The subject internal fixation plating system is comprised of contoured locking bone plates and compatible locking and non-locking bone screws. All described implant devices are manufactured from implant-grade stainless steel (316L) and designed for single-use. They will be provided in a sterile packaged option and will be sterilized via Gamma irradiation.

The provided text describes mechanical testing conducted for the CONQUEST FN device to demonstrate its substantial equivalence to predicate devices. However, it does not contain information about a study involving human readers or AI assistance. Therefore, questions related to MRMC studies, human reader improvement with AI, and standalone AI performance cannot be answered from the provided text.

Here's the information extracted from the document regarding the acceptance criteria and the study that proves the device meets the acceptance criteria:

1. Table of Acceptance Criteria and Reported Device Performance:

2. Sample Size for the Test Set and Data Provenance:

The document describes pre-clinical mechanical testing. Typically, for such tests, "sample size" refers to the number of devices or constructs tested. The specific number of samples for each test (e.g., how many screws for pullout strength, how many constructs for fatigue) is not provided in the given text.

The data provenance is from pre-clinical mechanical testing conducted by Smith & Nephew, Inc. The country of origin is not explicitly stated for the testing, but Smith & Nephew is based in Memphis, Tennessee, USA. The data is prospective as it was generated specifically for the 510(k) submission to compare the new device against predicates.

3. Number of Experts Used to Establish Ground Truth for the Test Set and Their Qualifications:

This question is not applicable to this type of mechanical testing. Ground truth in this context is established by the physical testing methods and the measured mechanical properties, not by expert consensus on images or pathology.

4. Adjudication Method for the Test Set:

This question is not applicable to mechanical testing. Adjudication methods like 2+1 or 3+1 are used for expert reviews, typically in image interpretation or clinical trials, not for direct physical measurements.

5. If a Multi-Reader Multi-Case (MRMC) Comparative Effectiveness Study was done, and the effect size of how much human readers improve with AI vs. without AI assistance:

No, an MRMC comparative effectiveness study was not done. The provided text focuses exclusively on pre-clinical mechanical testing of a bone fixation device, not on AI-assisted diagnostic or interpretative tasks. Therefore, there is no information on human reader improvement with or without AI.

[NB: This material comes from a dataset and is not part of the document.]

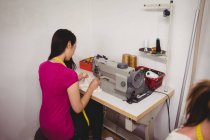 Женщины-модельеры, работающие над ноутбуком в студии — стоковое фото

6. If a Standalone (i.e., algorithm only without human-in-the-loop performance) was done:

No, a standalone algorithm performance study was not done. The device being described is a physical medical implant (bone fixation system), not a software algorithm or AI device.

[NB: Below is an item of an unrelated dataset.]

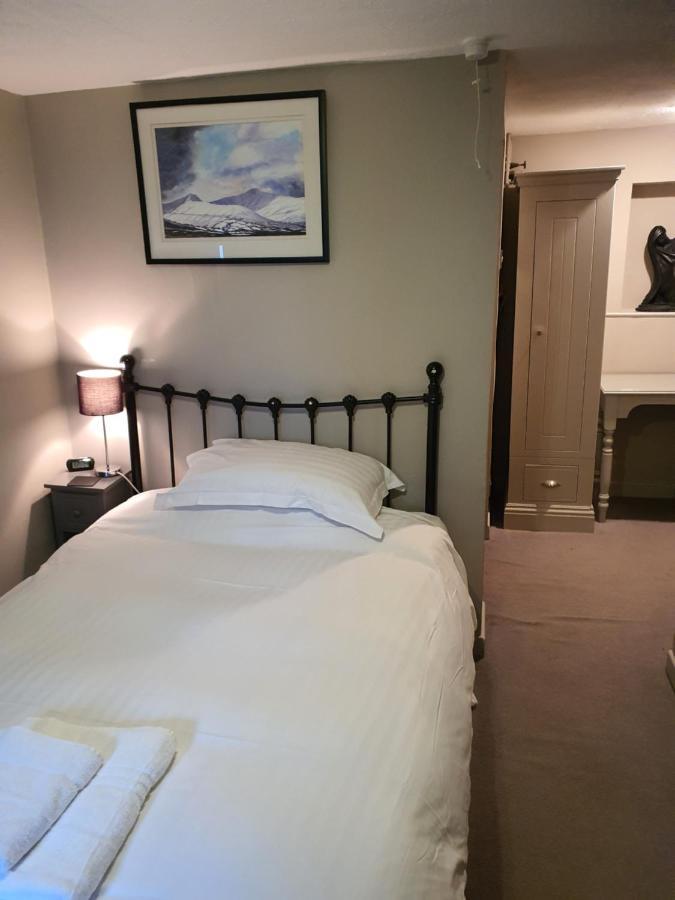 Dragon Inn Crickhowell Eksteriør billede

7. The Type of Ground Truth Used:

The ground truth used for these tests is mechanical performance metrics derived from standardized or accepted pre-clinical testing methods (e.g., axial pullout strength, insertion torque, torsional strength, fatigue life). The comparison is against established predicate device performance as a benchmark for substantial equivalence.

8. The Sample Size for the Training Set:

This question is not applicable. The CONQUEST FN is a physical implant, not an AI model requiring a "training set."

9. How the Ground Truth for the Training Set was Established:

This question is not applicable as there is no training set for a physical implant device.